Treaty shopping in the investment context occurs when an investor from State A, which has no BIT with the host state, establishes an entity in State B, which does have a BIT with the host state, and then routes its investment through that entity. The investor thereby acquires access to investor-state dispute settlement (ISDS), most-favoured-nation treatment, fair and equitable treatment standards, and protection against expropriation without compensation that it would otherwise lack. The practice relies on the fact that most BITs define “investor” broadly to include companies incorporated in the treaty partner, regardless of the nationality of the company’s actual owners.

The ICSID Convention and the UNCITRAL Arbitration Rules, the two dominant procedural frameworks for investment arbitration, have both grappled with the consequences of treaty shopping. Jurisdictional challenges based on abuse of process have been raised in numerous cases. Arbitral tribunals have generally been reluctant to deny jurisdiction based on treaty shopping alone, holding in cases like Salini v. Morocco and Tokios Tokeles v. Ukraine that the definition of investor in the BIT must be applied as written. A more restrictive approach has emerged in some later decisions, particularly where the corporate restructuring occurred after the dispute crystallised, which is characterised as “treaty shopping for a claim” rather than legitimate pre-investment planning.

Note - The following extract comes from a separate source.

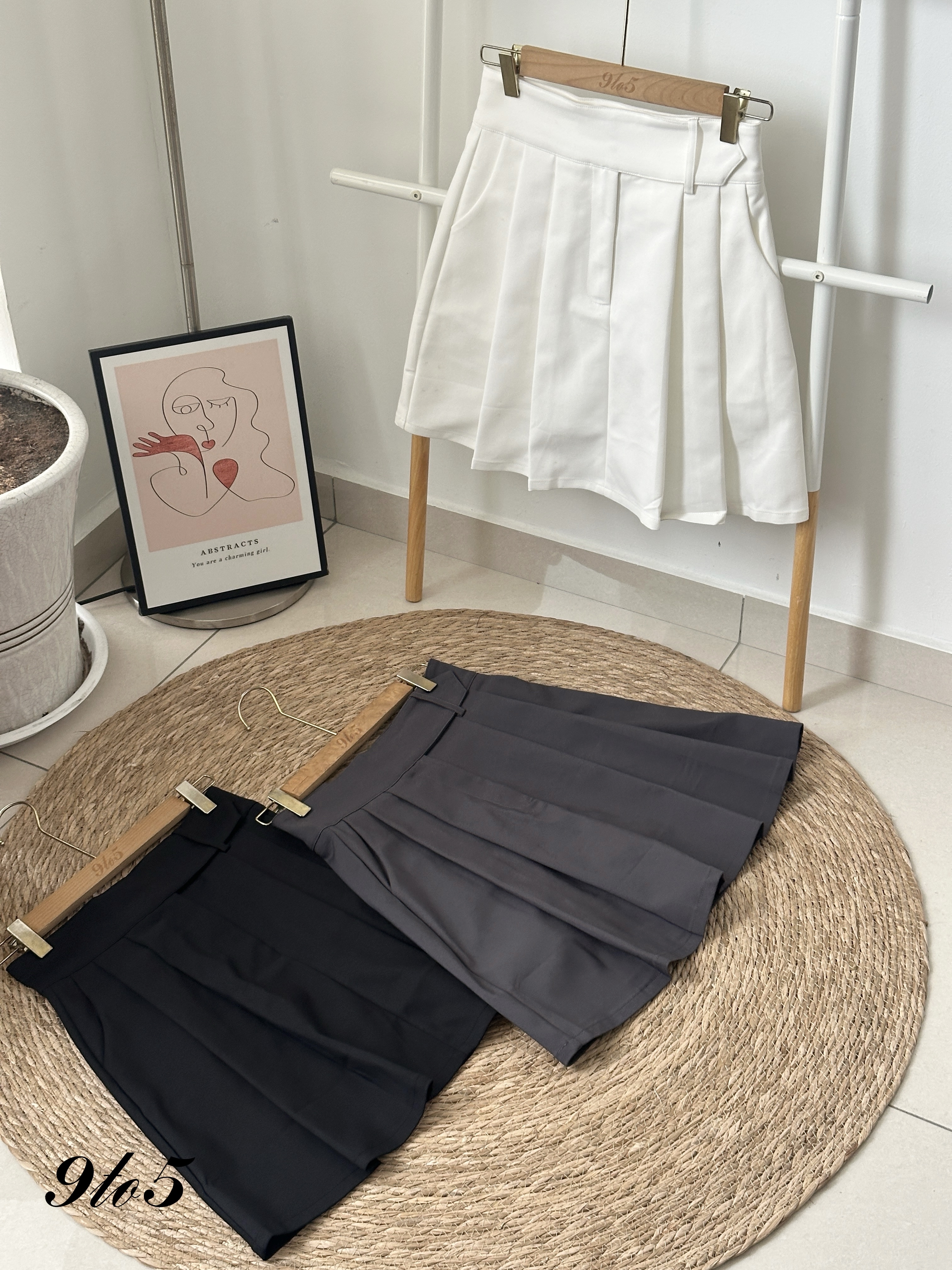 S1831 A Line Pleated Skirt - 3 Colors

In the tax context, the MLI, formally the Multilateral Convention to Implement Tax Treaty Related Measures to Prevent Base Erosion and Profit Shifting (opened for signature in June 2017), addresses treaty shopping through two main mechanisms: the Principal Purpose Test and the Simplified Limitation on Benefits clause. The PPT, adopted as the minimum standard under BEPS Action 6, denies treaty benefits if it is reasonable to conclude that obtaining the benefit was one of the principal purposes of the arrangement, unless granting the benefit is consistent with the object and purpose of the relevant treaty provision. This is a purposive, anti-avoidance standard that introduces interpretive flexibility but also generates uncertainty for business planning.

Judicial and Arbitral Developments

The Vodafone arbitration stands as the defining case in India’s BIT history. Vodafone Group acquired Hutchison Telecom’s Indian mobile operations through a transaction structured in the Cayman Islands. The Indian tax authority asserted that the transaction was a taxable transfer of Indian assets and imposed a capital gains tax liability. When India’s Supreme Court held in 2012 that the transaction was not taxable under existing law, the Indian government responded by retrospectively amending the Income Tax Act to validate the tax demand, a move widely condemned as violating the principle of legal certainty.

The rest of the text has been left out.